Issues with fingerprints for substructure searching


I’ve run into 2 issues with fingerprints and substructure searching. I’m using KNIME 4.0.2 with a just recently released new RDKit Nodes version. I just started experimenting today so issues are probably unrelated to versions.

Only fingerprint that seems to work with defaults is RDKit fingerprint.

Pattern Fingerprint:

AFAIK this is used by the RDKit cartridge? I’m not sure what I’m doing wrong but with my data set (very small molecules) I get a terrible screen-out rate. Way too many matches. tried 1024 and 2048 bit. Not sure how this is useful or the nodes default settings are terrible.

Layered Fingerprint:

Screens out valid matches with default flags of the KNIME node. Trying to reveal as little as possible, the wrongly screened out molecules contain part of my drawn pattern which is not in a ring, in a ring.

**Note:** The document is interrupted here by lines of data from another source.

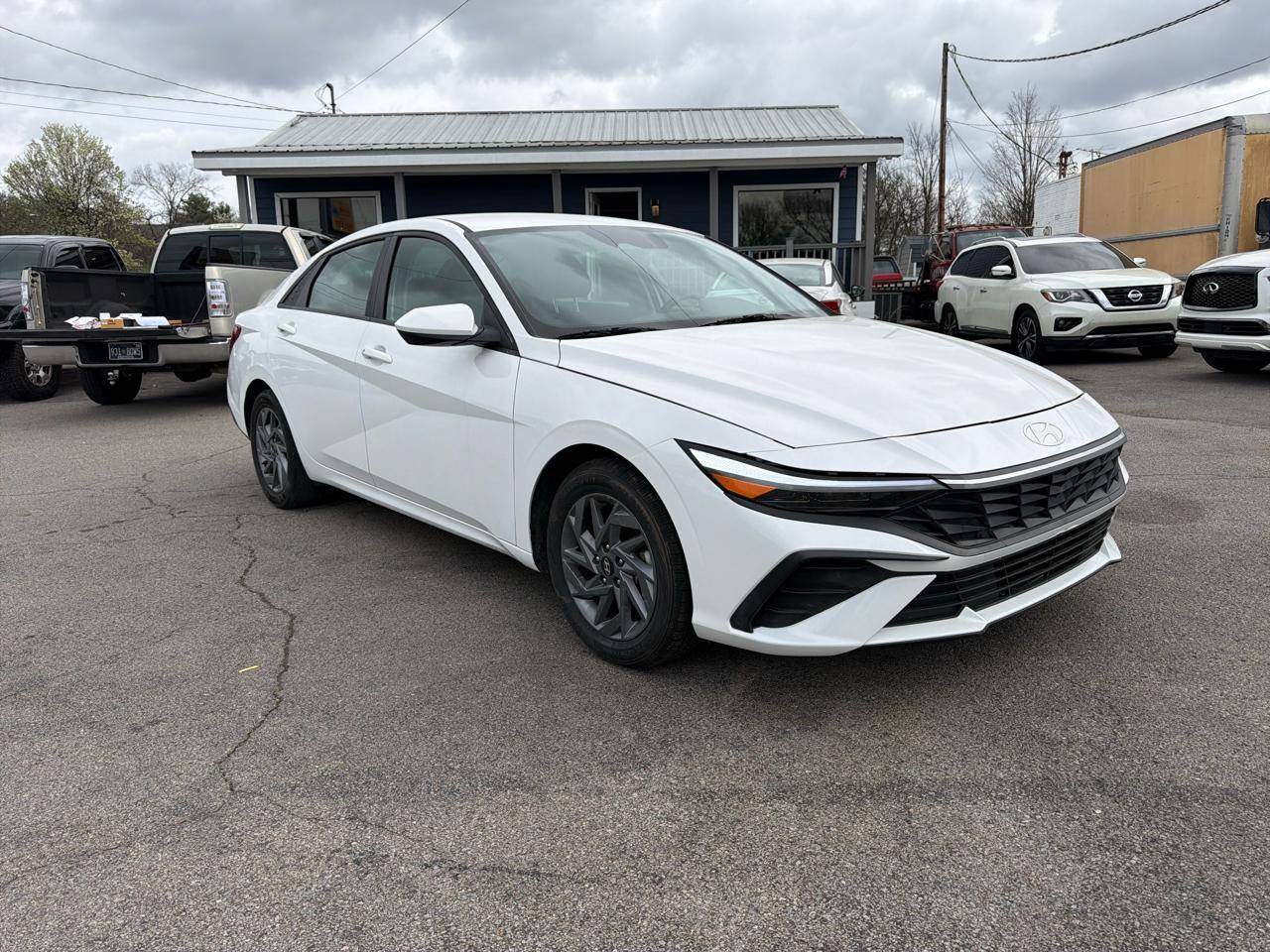 2024 Hyundai Elantra SEL — Sedan — 36,936 mi — Murfreesboro, TN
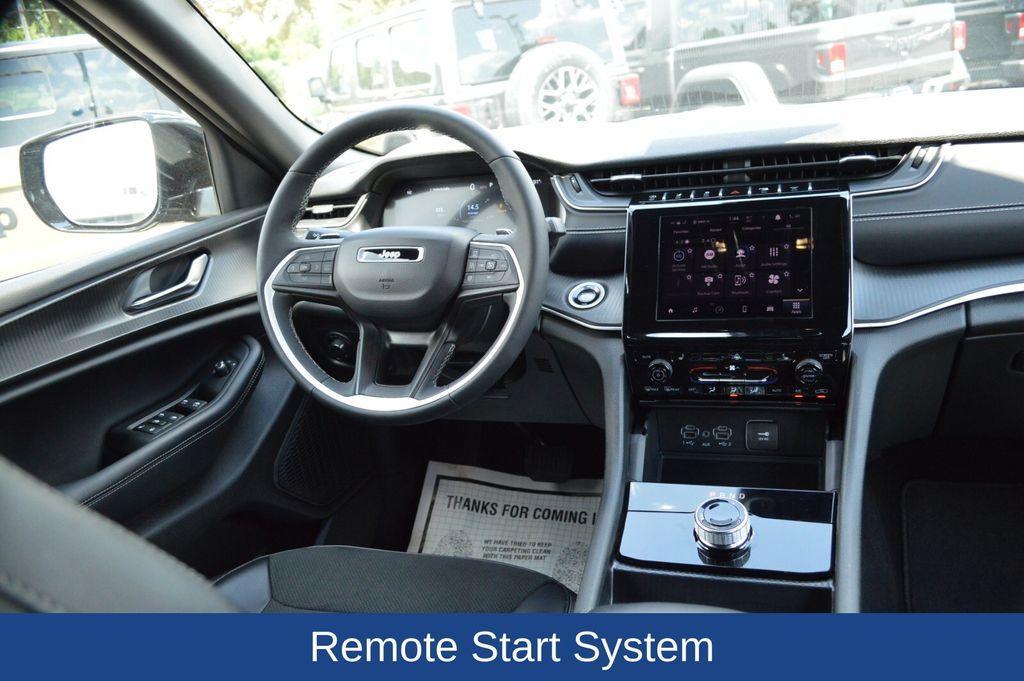 new 2025 Jeep Grand Cherokee L car, priced at $46,544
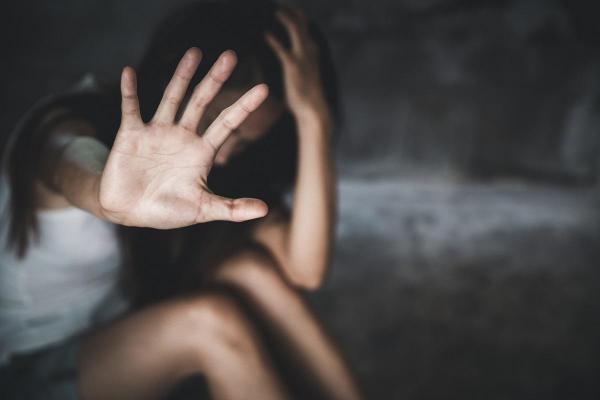 Fetiţă de doar 9 ani din Dolj, violată de propriul bunic. Bărbatul de 67 de ani, arestat pentru 24 de ore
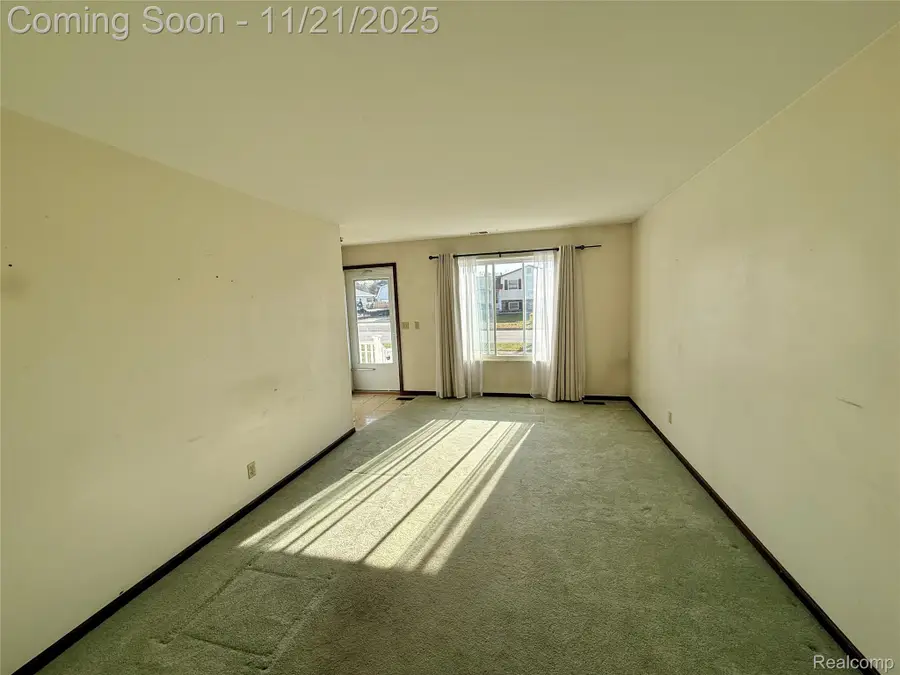 2221 Mclaren Street, Burton, MI 48529 - Image #3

This was pure accident I realized this.

Now I know very little about C++ and the flags used but as far as I can tell the default flag value in the node of 65535 means all layers enabled but since there are only 6 layers, 63 would also enable all layers right?

Looking at the layers then explain the screen-out errors:

Layer definitions:

  • 0x01: pure topology
  • 0x02: bond order
  • 0x04: atom types
  • 0x08: presence of rings
  • 0x10: ring sizes
  • 0x20: aromaticity

Anything above 0x04 will break a classic* substructure search, right? So for a valid substructure search fingerprint I would need to set the flags value to 7 (0000 0111) in the Knime Node? (doing this for query only seems to work)

if I’m correct with this analysis I greatly suggest the knime nodes documentation should be adjusted as it says:

  • Layered: An experimental substructure-matching fingerprint

With default settings actually not working correctly for a classic* substructure search. At least the defaults should be changed and the documentation should explain the flag values and which layers they activate. Even better would be being able to select the desired layers in the dialog and not expose this “C++ flag magic” to end-users.

I would have completely missed this if i hadn’t by accident chosen a a test substructure which causes the issue.

* of course in some cases having the extra layers actually is desired but for a classic substructure search (subgraph match) they lead to wrong results.